● EXERCISE DIRECTIONS
Each line from the one holding "Veeru y Basanti" to the last line below must be restated word for word, and no picture may be included.
(EXERCISE DATA Opens)
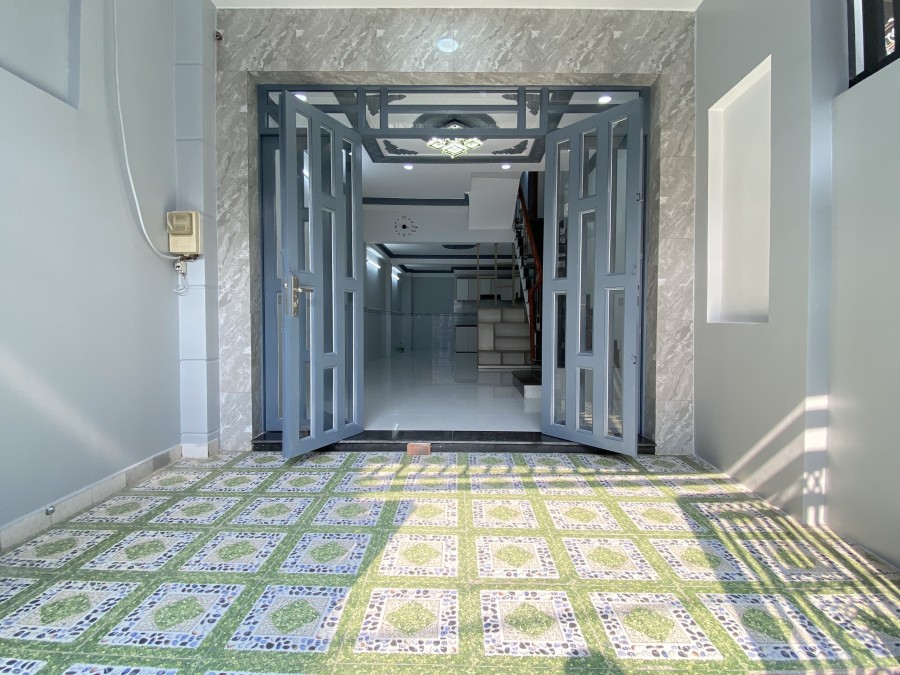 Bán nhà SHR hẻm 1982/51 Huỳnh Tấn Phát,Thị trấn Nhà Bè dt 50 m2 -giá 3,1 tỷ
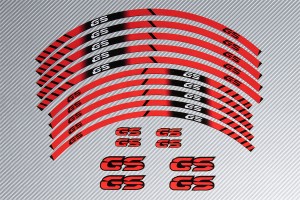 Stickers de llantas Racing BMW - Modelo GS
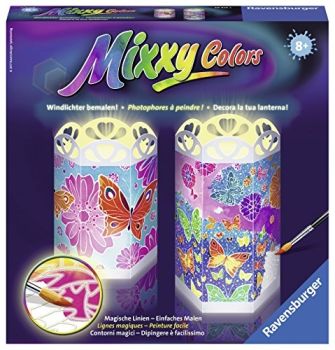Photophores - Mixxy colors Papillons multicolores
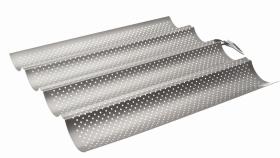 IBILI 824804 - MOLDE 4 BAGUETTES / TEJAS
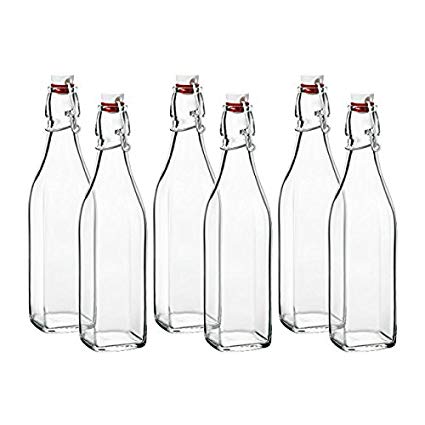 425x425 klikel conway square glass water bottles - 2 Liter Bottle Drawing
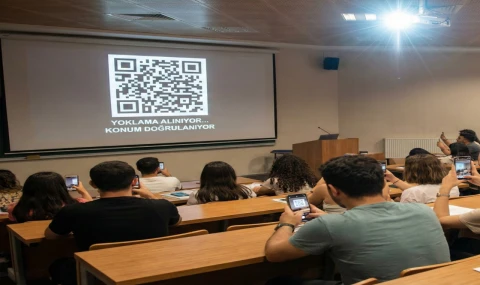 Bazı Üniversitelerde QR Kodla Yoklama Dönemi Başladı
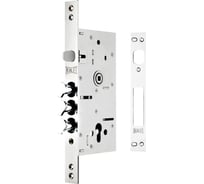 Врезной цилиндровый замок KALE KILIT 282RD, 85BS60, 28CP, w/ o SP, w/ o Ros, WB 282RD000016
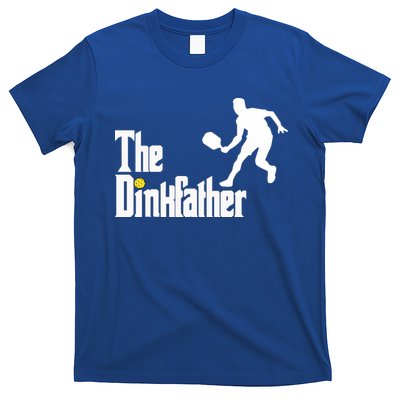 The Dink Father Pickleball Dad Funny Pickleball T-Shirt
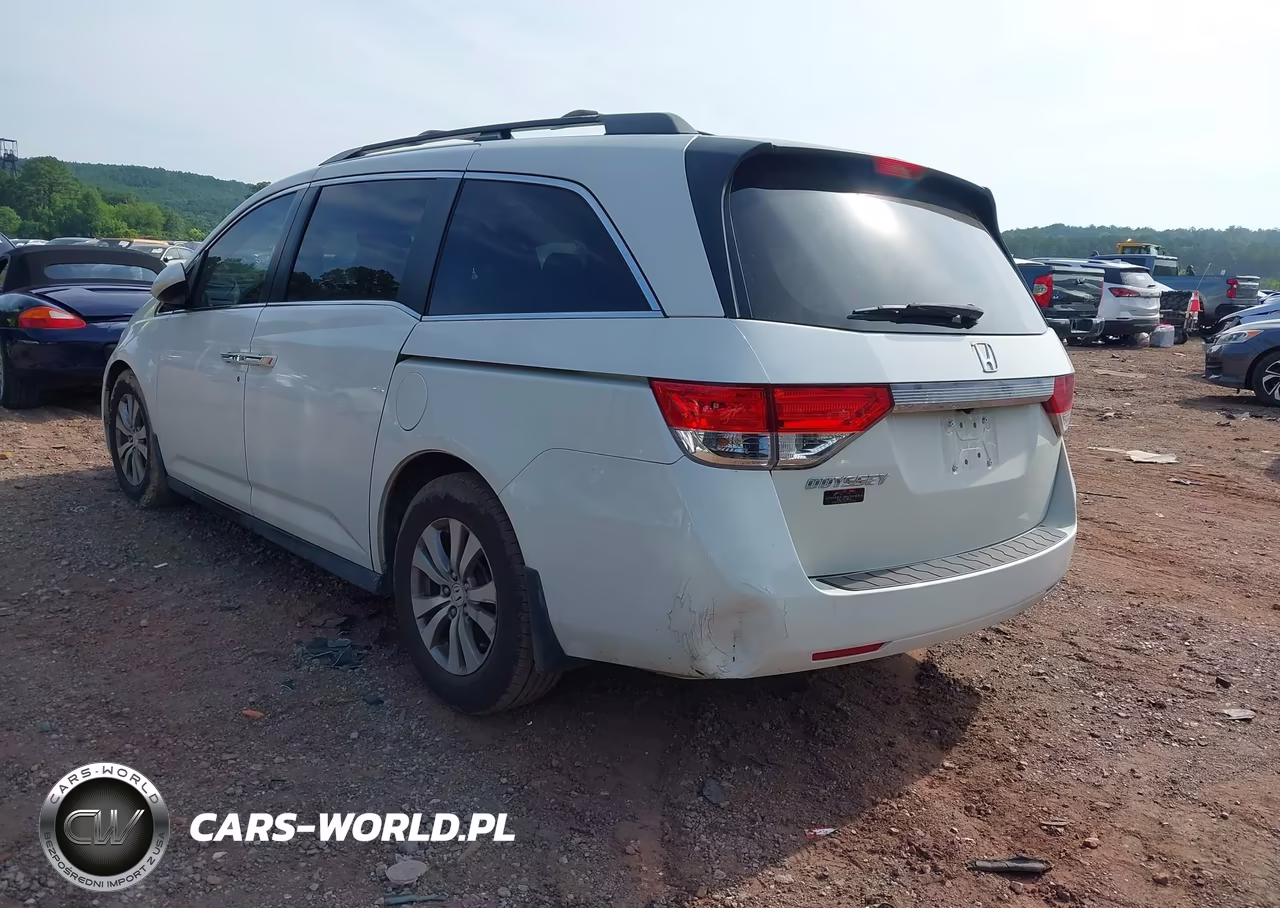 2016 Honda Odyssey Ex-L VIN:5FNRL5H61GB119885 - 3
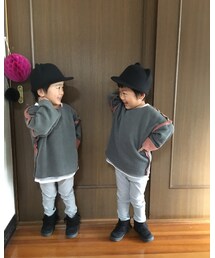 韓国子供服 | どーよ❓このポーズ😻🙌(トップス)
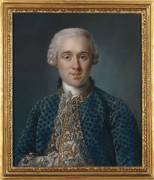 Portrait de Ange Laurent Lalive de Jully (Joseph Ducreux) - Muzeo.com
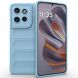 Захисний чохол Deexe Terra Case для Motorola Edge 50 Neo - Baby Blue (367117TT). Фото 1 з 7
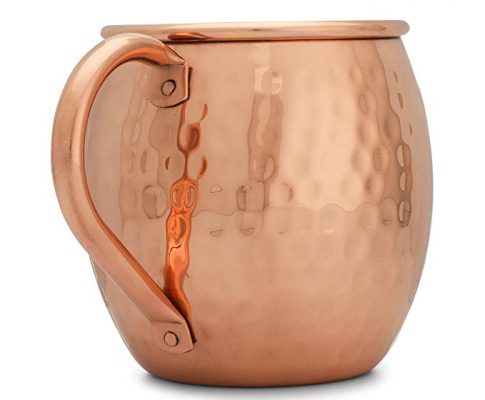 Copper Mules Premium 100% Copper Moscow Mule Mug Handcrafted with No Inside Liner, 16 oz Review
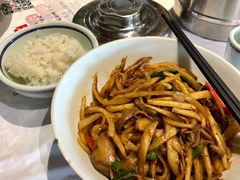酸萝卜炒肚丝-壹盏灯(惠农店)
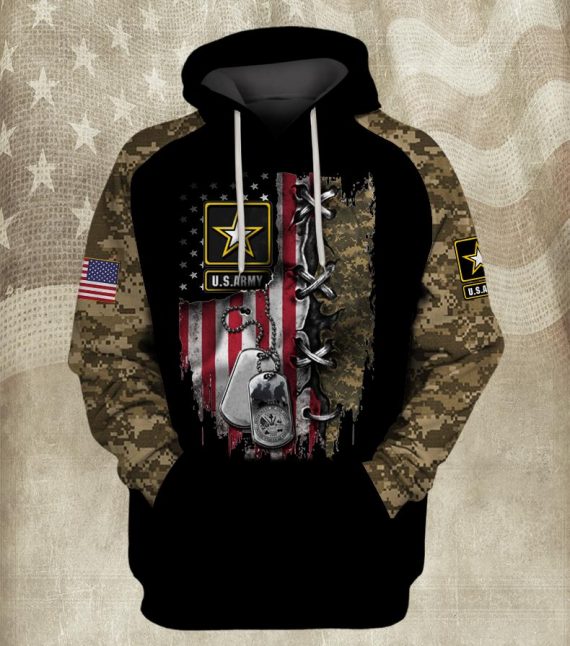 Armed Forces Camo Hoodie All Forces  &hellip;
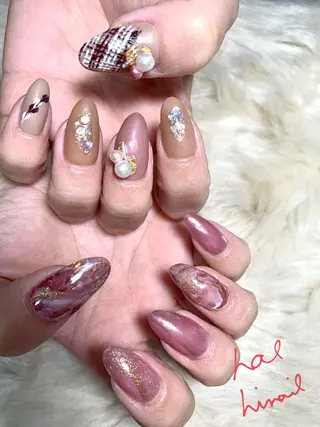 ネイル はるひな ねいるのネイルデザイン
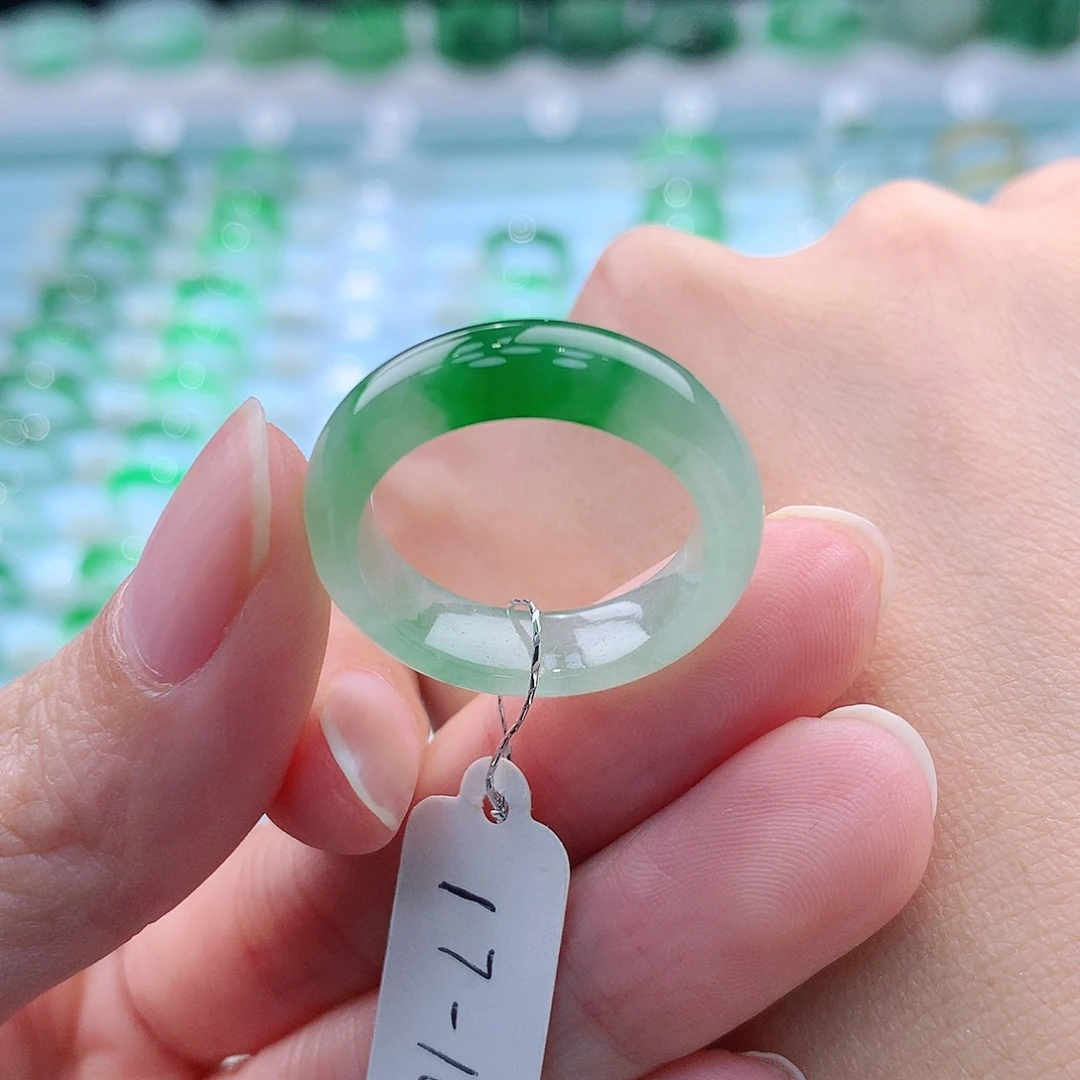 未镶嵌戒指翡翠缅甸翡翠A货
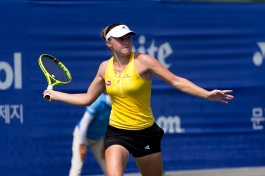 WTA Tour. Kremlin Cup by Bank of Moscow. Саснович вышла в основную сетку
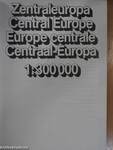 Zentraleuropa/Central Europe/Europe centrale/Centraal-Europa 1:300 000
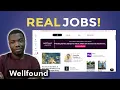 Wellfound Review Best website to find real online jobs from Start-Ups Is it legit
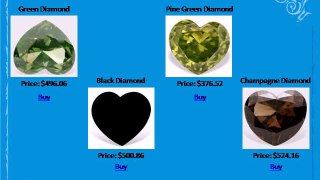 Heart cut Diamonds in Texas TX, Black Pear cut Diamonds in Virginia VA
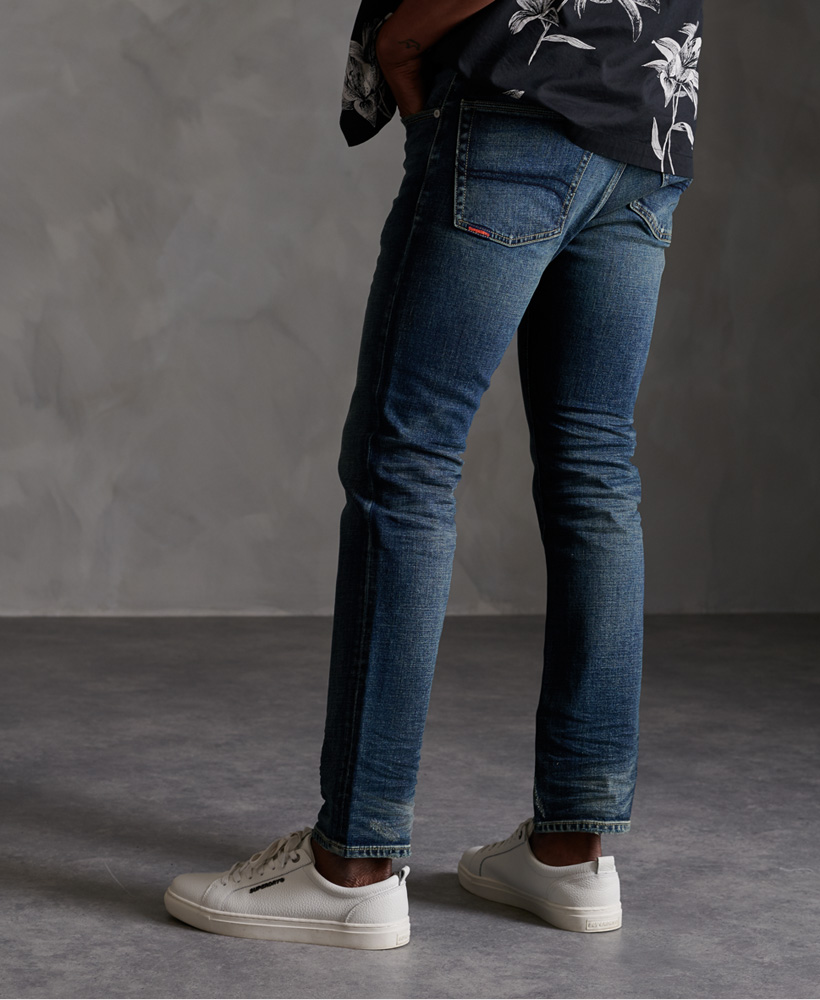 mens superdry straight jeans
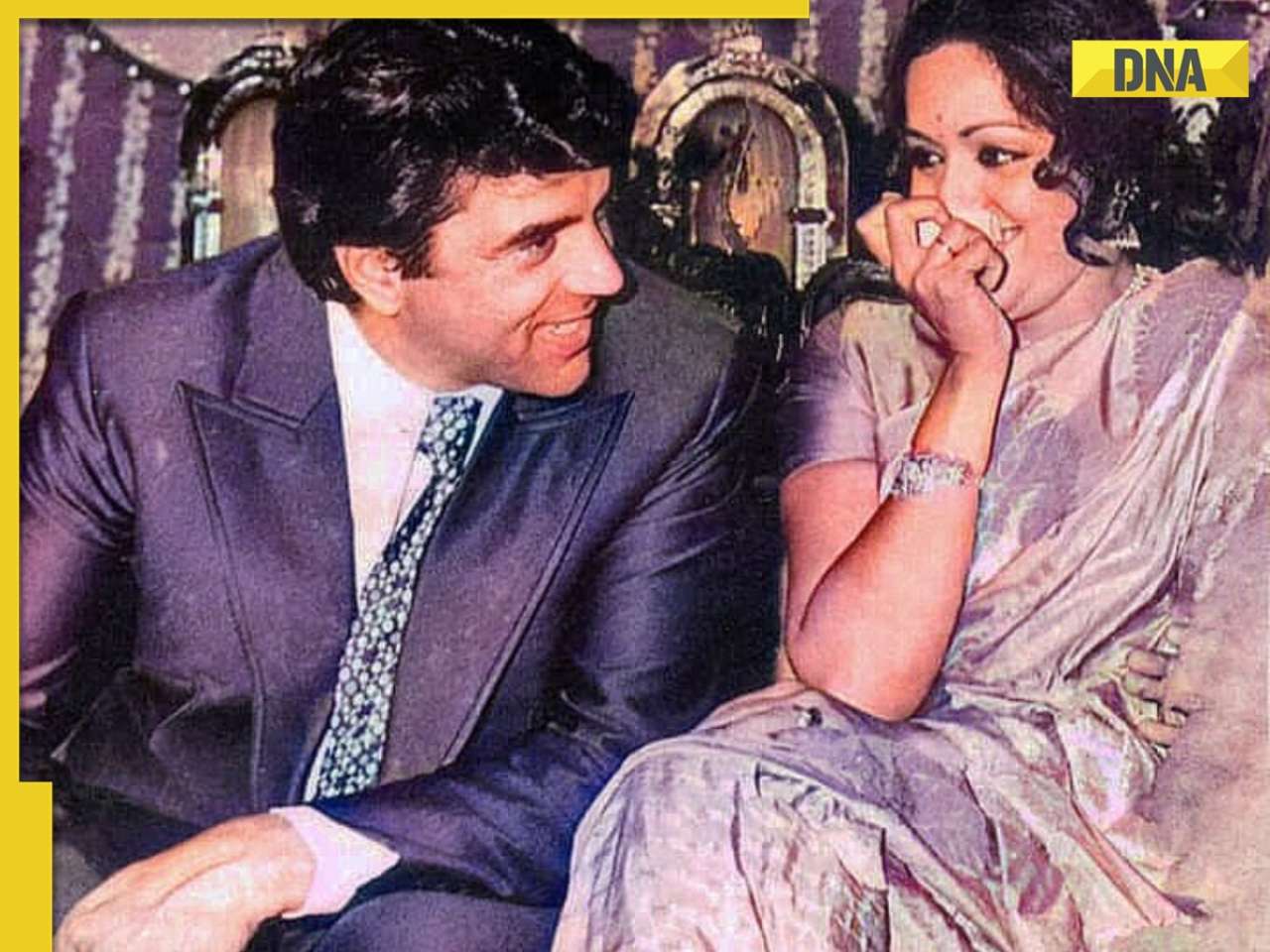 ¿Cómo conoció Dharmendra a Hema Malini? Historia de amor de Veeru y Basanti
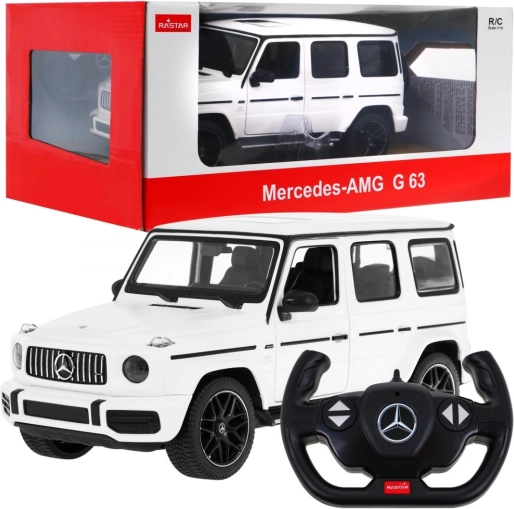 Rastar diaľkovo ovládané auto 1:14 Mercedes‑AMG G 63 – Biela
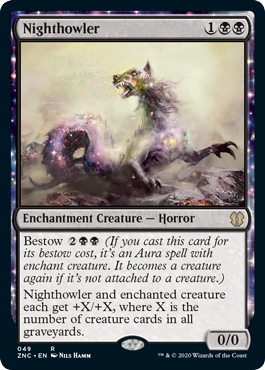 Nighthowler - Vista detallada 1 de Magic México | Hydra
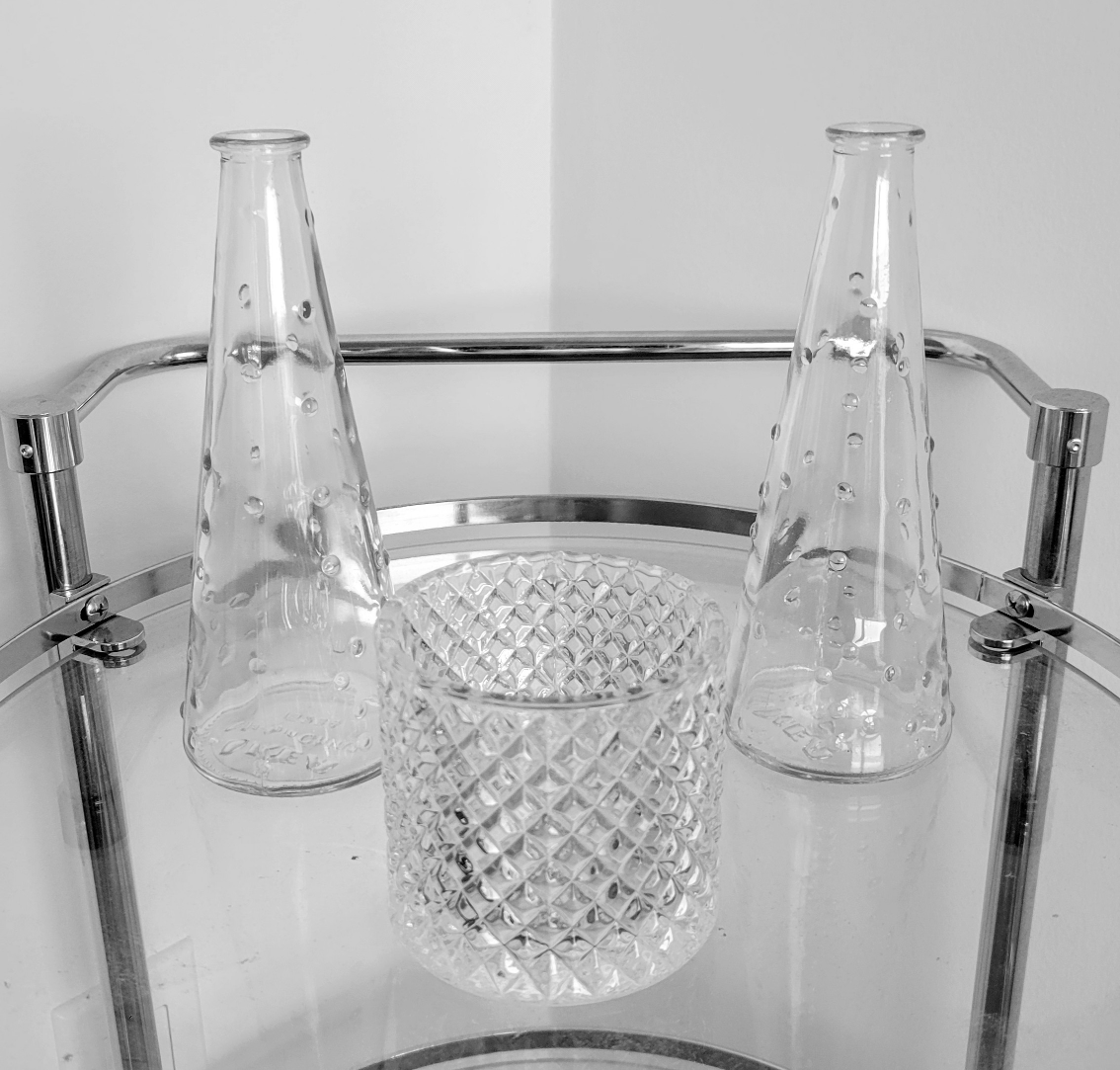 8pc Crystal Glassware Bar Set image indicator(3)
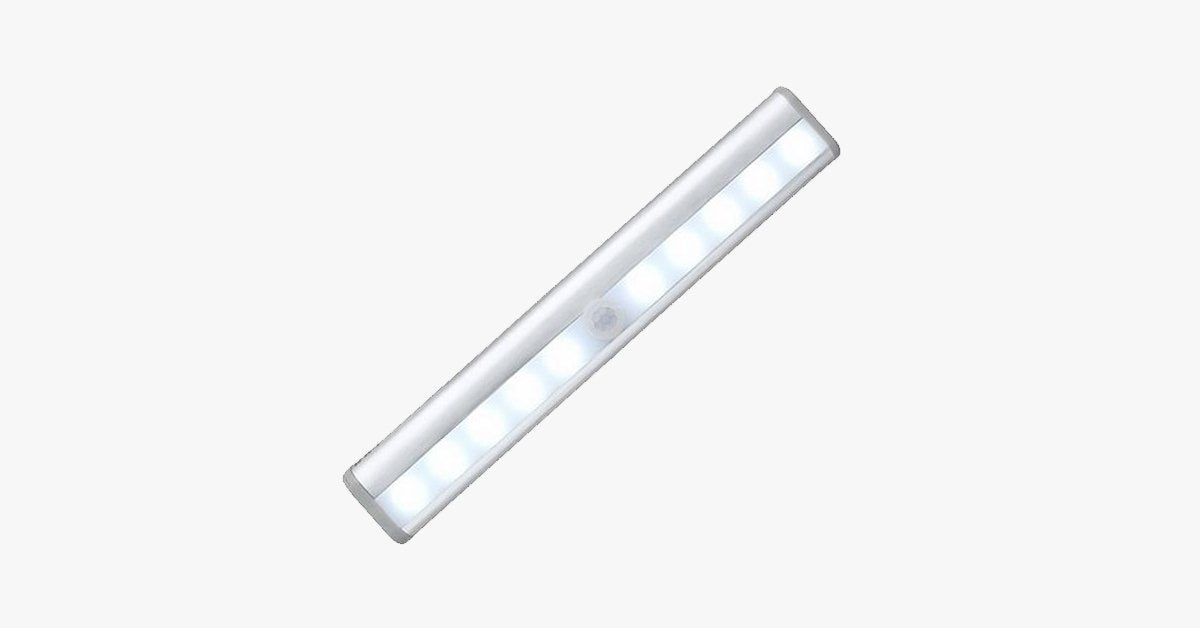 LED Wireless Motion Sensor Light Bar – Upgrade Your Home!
(EXERCISE DATA Closes)
● ANSWER TO THIS TASK
 ¿Cómo conoció Dharmendra a Hema Malini? Historia de amor de Veeru y Basanti
 Rastar diaľkovo ovládané auto 1:14 Mercedes‑AMG G 63 – Biela
 Nighthowler - Vista detallada 1 de Magic México | Hydra
 8pc Crystal Glassware Bar Set image indicator(3)
 LED Wireless Motion Sensor Light Bar – Upgrade Your Home!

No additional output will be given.